- Born: 28 November 1915 Reval, Governorate of Estonia, Russian Empire (now, Tallinn, Estonia)
- Died: 30 April 2011 (aged 95) Tallinn, Estonia
- Education: State School of Art and Design
- Notable work: Giovannina (1957) Akt linna taustal (1957)
- Spouse: Mari Roosvalt
- Children: Kai Koppel, Jüri Okas

= Evald Okas =

Estonian painter

Evald Okas (28 November 1915 – 30 April 2011) was an Estonian painter, probably best known for his portraits of nudes.

==Biography==
Okas was born in Tallinn, where he began his artistic career while studying at the State Art School. With the advent of World War II and the Soviet invasion and occupation of Estonia, he was subsequently mobilized into Soviet army, but, like many other Estonians, moved to work battalions in Kotlas, Russia. When the Soviet officials decided to organize the artistic collectives in the Soviet rear in Yaroslavl, several Estonian artists, including Okas, were provided with an opportunity to leave the work battalions and join the artistic ensembles in 1942. The "Yaroslavl artists", as they came to be known, were also the founding members of the Soviet Estonian Artists Union established in 1943.

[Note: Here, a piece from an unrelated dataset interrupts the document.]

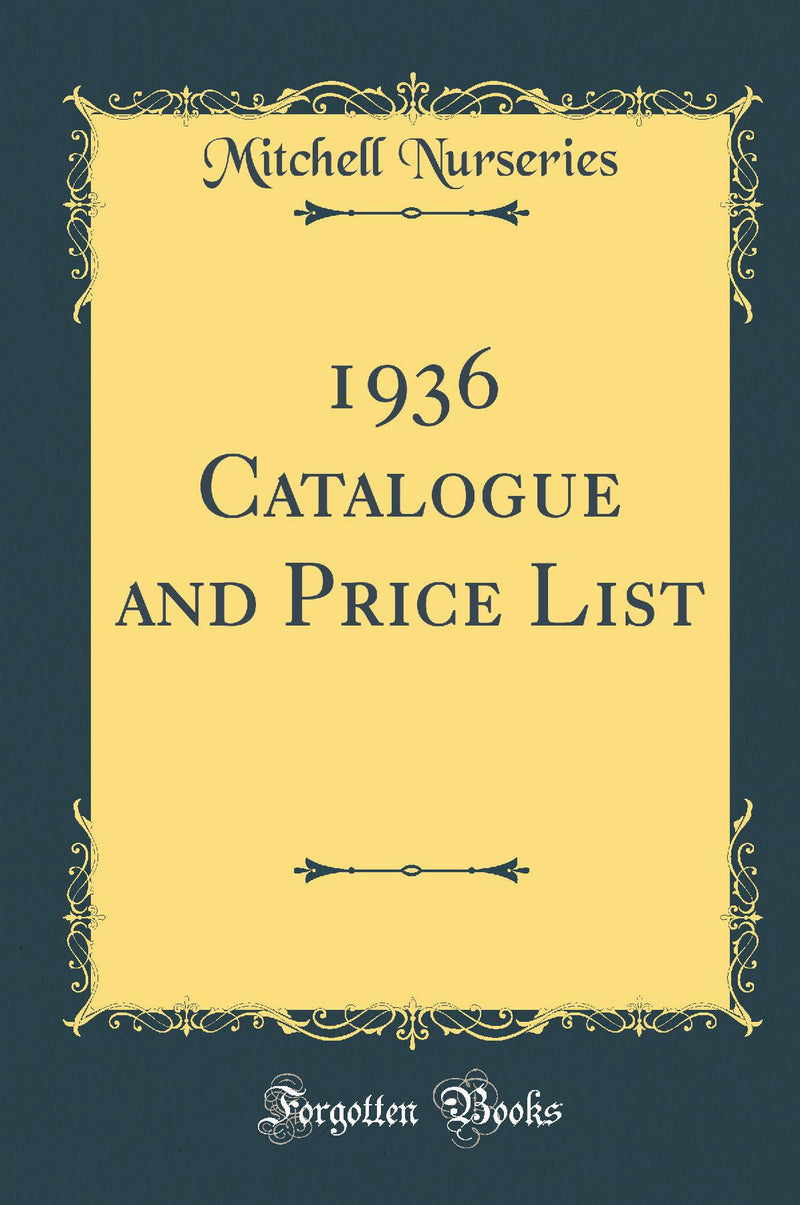 1936 Catalogue and Price List (Classic Reprint)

In Yaroslavl Okas befriended the rather well-known Estonian graphic artist Aino Bach and Richard Sagrits, who mentored Okas and helped him hone his skills as an artist. By Soviet regulations, however, all artists were expected to paint in the socialist realism genre.

In 1947, Okas, with Elmar Kits and Richard Sagrits painted the ceiling of the Estonian National Opera in the style of socialist realism. By the late 1950s, Evald Okas was working mainly in the medium of charcoals and earning his living by sketching ex libris - graphic designs that identify the owner of a book, usually pasted onto the inside cover. Around this time Okas was even given permission to travel; first, within the Soviet Republics, then later worldwide and exhibit works as far afield as Asia and Western Europe.

In 1954 he became the professor at the Estonian State Art Institute; in 1962 the corresponding member of the Academy of Arts of the Soviet Union and the full member of the academy in 1975.

Evald Okas lived in Tallinn and was a member of the Estonian Artists’ Association.

His son Jüri Okas is an architect, installation artist and printmaker.